You need realistic text content (bios, reviews, descriptions) at scale
You want to test edge cases in text processing without writing them by hand
You need deterministic CI with realistic dev-time data from one tool
You're tired of maintaining factory_boy factory classes for every model change

How It Compares

	FixtureForge	factory_boy	faker	hypothesis
AI-generated content	Yes	No	No	No
Deterministic seed	Yes	Yes	Yes	Yes
FK relationships	Auto	Manual	No	No
pytest plugin	Yes	Via pytest-factoryboy	No	Yes
Large datasets (100k+)	Yes	Manual loops	Manual loops	No
Zero config	Yes	Factory classes needed	Provider setup	Strategy setup

FixtureForge isn't a replacement for Faker — it uses Faker internally. It's the layer between "I need data" and "I need it to feel real."

Try It

pip install fixtureforge

GitHub: Yaniv2809/fixtureforge
Docs: yaniv2809.github.io/fixtureforge

If you've built something similar or have opinions on AI-generated test data vs traditional fixtures, I'd like to hear about it.

Yaniv Metuku (yaniv2809) — QA Automation Engineer.

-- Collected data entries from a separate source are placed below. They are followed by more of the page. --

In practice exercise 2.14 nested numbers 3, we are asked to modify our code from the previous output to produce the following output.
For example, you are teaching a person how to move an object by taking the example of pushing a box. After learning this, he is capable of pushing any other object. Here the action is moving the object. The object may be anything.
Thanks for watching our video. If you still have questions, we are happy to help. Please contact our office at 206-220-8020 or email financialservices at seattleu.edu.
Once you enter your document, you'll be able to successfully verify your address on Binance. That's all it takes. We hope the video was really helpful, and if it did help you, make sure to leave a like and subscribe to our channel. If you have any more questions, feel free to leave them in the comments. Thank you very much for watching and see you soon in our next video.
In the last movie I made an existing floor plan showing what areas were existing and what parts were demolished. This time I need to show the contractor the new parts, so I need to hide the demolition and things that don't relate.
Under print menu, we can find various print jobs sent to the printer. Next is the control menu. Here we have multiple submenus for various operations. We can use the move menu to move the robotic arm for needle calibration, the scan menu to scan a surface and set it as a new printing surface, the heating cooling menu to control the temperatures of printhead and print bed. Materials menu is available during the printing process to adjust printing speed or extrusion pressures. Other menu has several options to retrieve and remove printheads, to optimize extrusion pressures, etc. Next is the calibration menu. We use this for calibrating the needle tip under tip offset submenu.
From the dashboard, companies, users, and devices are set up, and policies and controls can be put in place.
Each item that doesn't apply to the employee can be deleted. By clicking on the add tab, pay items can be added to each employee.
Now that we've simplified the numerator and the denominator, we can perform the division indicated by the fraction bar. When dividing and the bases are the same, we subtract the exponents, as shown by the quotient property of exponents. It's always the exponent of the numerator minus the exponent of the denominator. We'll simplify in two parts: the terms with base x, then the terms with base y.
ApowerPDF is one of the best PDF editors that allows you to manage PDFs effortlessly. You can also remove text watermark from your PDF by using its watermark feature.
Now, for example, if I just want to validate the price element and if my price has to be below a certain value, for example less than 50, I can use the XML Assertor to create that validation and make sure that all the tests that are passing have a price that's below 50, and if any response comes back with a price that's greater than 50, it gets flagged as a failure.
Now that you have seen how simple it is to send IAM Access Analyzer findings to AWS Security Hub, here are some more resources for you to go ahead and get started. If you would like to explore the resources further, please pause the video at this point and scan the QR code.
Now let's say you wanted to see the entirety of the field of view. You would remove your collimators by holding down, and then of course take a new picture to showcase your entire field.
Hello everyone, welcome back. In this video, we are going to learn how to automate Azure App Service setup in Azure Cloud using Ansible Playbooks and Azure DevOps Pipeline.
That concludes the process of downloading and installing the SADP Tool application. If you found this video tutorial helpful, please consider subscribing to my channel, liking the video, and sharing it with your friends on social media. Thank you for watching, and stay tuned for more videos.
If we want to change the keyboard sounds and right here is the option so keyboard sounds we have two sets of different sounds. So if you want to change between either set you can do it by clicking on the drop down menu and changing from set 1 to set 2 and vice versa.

Also building Financial-Integrity-Ecosystem and Failscope.

Top comments (2)

AI Bug Slayer 🐞 • Apr 18

Smart approach — using Faker for deterministic fields and AI only for semantic/complex ones keeps costs low while still making test data feel realistic. The batching strategy is clever.

Yaniv • Apr 20

Thanks! The batching was actually the hardest part to get right. The naive approach (one API call per record per field) made 50 users cost 100 calls — completely impractical. The trick was restructuring the prompt to ask for a JSON array of all values at once, so 50 bios = 1 call regardless of count.
The next thing I want to improve is caching — if you generate 50 users today and 50 tomorrow with the same context, the AI calls repeat unnecessarily. Thinking about hashing the context + model schema as a cache key so repeated runs in dev skip the API entirely.
Have you tried any AI-based data generation in your workflow, or mostly sticking with Faker/factory_boy?